It's great that she's good with other cats, but that is a problem from your angle. She can depend on your other cat for all interactions and may not warm up to you, I've heard it happen so I'd be proactive about this. I'd treat her like any regular feral cat you're trying to tame. I don't know how safe she feels in your overall house, but she doesn't feel safe with you, so that means she's always going to be a little on edge in your house. Maybe this would go away with time, like other suggestions, but I'd rather force the issue a bit more. Meaning I'd personally separate her from your other cat and put her in a "safe room" like a bedroom or something, a place you're willing to spend a lot of time with her. In that room she should have everything she needs, litterbox, food, water. The food you should bring to her at set times. She shouldn't leave that room until she's more comfortable with your presents.
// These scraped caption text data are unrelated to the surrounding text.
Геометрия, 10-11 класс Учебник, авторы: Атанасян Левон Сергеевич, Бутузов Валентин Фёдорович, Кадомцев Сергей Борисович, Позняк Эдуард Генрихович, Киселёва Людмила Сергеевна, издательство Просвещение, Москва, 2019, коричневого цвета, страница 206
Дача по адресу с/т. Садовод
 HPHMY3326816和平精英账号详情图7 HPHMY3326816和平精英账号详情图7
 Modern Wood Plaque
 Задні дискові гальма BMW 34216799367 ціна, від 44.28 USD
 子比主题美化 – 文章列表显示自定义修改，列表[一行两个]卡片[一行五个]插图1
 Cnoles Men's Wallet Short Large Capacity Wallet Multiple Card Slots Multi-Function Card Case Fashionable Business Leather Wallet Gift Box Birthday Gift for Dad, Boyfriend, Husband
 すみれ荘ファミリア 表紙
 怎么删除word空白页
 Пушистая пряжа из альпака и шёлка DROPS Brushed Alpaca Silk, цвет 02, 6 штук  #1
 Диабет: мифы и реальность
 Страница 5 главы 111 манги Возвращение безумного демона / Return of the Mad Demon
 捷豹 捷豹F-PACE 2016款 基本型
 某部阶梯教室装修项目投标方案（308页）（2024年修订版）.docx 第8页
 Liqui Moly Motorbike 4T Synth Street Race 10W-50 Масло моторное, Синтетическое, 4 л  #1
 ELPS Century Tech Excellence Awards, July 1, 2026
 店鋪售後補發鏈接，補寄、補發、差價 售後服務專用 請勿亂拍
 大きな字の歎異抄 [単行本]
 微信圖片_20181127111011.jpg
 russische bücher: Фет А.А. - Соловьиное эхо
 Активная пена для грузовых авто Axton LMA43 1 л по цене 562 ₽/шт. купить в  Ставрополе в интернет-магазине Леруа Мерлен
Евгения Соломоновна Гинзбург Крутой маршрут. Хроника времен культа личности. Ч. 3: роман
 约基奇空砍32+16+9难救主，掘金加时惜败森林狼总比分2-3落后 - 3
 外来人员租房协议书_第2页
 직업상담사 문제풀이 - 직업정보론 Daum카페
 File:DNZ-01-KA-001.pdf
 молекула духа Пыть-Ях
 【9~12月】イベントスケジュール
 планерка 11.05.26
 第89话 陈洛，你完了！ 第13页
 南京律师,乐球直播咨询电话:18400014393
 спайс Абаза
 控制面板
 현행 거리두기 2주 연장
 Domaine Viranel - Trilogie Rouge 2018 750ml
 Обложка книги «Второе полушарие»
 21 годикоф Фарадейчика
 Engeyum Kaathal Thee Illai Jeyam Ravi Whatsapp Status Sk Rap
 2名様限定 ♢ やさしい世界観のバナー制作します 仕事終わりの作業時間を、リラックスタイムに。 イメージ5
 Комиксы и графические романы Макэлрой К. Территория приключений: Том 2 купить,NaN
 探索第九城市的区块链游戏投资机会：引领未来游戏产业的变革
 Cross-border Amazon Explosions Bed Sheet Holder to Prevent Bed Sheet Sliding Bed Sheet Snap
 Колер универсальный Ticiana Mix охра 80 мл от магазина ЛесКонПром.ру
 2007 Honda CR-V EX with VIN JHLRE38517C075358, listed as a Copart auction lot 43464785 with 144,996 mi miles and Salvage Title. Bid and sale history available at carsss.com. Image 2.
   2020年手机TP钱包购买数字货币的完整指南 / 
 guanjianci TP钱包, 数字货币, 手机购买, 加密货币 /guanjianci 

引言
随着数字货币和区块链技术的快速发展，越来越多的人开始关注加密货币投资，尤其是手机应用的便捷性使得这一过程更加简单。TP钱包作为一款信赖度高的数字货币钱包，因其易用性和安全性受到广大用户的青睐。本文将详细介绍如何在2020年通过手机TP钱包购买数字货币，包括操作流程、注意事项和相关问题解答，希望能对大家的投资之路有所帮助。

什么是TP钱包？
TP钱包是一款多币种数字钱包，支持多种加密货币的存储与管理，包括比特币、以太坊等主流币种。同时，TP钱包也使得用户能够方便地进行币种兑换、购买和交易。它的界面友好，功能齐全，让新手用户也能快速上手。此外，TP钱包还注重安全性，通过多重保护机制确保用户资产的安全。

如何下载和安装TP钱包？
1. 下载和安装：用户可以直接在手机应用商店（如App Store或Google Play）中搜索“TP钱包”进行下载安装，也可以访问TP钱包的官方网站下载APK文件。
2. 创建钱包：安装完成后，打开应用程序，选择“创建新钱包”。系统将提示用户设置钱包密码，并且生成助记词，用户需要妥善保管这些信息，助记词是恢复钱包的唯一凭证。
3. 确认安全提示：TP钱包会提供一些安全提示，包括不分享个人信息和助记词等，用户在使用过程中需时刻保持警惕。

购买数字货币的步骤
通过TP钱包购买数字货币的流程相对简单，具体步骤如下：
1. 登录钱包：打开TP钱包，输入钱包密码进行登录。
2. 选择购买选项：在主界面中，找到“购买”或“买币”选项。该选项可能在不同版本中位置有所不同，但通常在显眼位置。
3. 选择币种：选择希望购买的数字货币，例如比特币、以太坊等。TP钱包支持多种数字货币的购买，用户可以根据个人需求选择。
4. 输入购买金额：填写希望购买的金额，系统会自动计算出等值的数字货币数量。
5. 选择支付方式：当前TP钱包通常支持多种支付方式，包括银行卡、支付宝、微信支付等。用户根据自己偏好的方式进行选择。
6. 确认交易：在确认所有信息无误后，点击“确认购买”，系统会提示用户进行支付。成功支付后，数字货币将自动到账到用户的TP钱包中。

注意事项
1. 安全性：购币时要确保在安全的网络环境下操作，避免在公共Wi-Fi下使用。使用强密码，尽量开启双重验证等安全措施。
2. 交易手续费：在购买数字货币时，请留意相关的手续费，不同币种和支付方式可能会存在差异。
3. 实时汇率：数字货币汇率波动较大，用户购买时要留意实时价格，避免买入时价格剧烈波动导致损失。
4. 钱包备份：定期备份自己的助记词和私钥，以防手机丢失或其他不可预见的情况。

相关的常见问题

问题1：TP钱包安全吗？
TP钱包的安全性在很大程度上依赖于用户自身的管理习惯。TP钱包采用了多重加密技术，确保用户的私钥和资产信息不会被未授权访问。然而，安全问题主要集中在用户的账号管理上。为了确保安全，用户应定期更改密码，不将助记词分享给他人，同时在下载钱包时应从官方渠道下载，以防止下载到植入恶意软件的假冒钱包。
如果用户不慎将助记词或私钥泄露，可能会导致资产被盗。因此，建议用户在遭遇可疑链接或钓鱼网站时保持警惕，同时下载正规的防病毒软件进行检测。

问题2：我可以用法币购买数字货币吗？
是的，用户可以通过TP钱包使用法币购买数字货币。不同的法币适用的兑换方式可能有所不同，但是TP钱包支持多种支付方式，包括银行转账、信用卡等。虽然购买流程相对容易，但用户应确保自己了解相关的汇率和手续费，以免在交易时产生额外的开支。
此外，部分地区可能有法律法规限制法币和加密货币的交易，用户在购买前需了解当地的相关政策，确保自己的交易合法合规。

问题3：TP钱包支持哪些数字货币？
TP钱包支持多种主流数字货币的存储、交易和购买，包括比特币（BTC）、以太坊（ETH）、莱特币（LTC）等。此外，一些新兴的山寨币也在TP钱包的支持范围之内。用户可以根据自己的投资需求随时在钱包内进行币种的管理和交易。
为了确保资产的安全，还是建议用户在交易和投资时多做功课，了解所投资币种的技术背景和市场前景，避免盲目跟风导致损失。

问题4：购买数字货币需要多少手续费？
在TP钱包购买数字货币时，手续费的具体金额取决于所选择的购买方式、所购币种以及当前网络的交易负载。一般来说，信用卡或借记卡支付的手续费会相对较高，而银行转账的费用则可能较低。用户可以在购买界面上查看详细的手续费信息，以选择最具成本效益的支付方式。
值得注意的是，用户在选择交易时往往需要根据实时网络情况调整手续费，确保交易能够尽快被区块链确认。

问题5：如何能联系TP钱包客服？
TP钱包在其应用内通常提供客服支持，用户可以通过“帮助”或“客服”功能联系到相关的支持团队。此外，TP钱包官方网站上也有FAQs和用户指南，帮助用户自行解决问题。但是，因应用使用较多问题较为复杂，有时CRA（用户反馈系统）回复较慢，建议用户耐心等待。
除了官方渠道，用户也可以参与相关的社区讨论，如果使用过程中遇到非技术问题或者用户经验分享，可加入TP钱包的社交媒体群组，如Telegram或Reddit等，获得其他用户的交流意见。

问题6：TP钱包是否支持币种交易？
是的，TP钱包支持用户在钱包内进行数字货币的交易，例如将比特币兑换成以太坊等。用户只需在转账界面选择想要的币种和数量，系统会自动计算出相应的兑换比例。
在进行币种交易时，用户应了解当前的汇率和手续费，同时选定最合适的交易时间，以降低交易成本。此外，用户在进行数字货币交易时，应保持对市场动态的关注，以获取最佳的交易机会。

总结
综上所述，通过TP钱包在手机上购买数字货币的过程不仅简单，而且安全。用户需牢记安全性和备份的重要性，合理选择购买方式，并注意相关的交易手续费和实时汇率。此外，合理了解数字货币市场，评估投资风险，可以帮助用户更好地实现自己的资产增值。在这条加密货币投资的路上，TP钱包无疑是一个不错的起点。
She shouldn't have a place to hide from you that's extreme, like under a bed. Her hiding spot needs to be a place where you can reach and touch her (or in her thought process, harm her) at any time, but that you are not. This will start to sink in, that you're not harming her. Spend time in the room walking and moving around slowly, talk softly to her, pet her when she's eating (or whenever she'll allow), try playing interactive wand toy games with her, don't make eye contact with her (if they don't trust you they see this as a threat), sit on the ground a lot. I mean a lot. That way you're not so scary. Do something simple, totally ignoring the kitty, like reading (aloud would be good so she gets used to your voice) or bring in a laptop or something. Give her lots of treats, coaxing her closer to you. I'd bring your other cat in for visits only when you're there and only after she's made a little progress in trusting you.
I have a semi-feral cat in the garage, I spend an hour or two in their daily and he's been there for three weeks. He's gone from a cat that wouldn't come out of his hiding spot (on top of a fridge) to a cat that would come down growling, hissing, attacking and being food possessive... and then again to a cat that would sit beside me, and then a cat that's a moderate version of all those things (we're working on it), for the last week and a half he's been seeking out pets and is far less scared of me standing or walking about the room as he gets used to me. He even allows slight petting while he's eating - considering how food possessive he is that's a milestone
A lot of progress can be made in a short time if you focus on improving the problem, and that's going to be good for the cat and for you.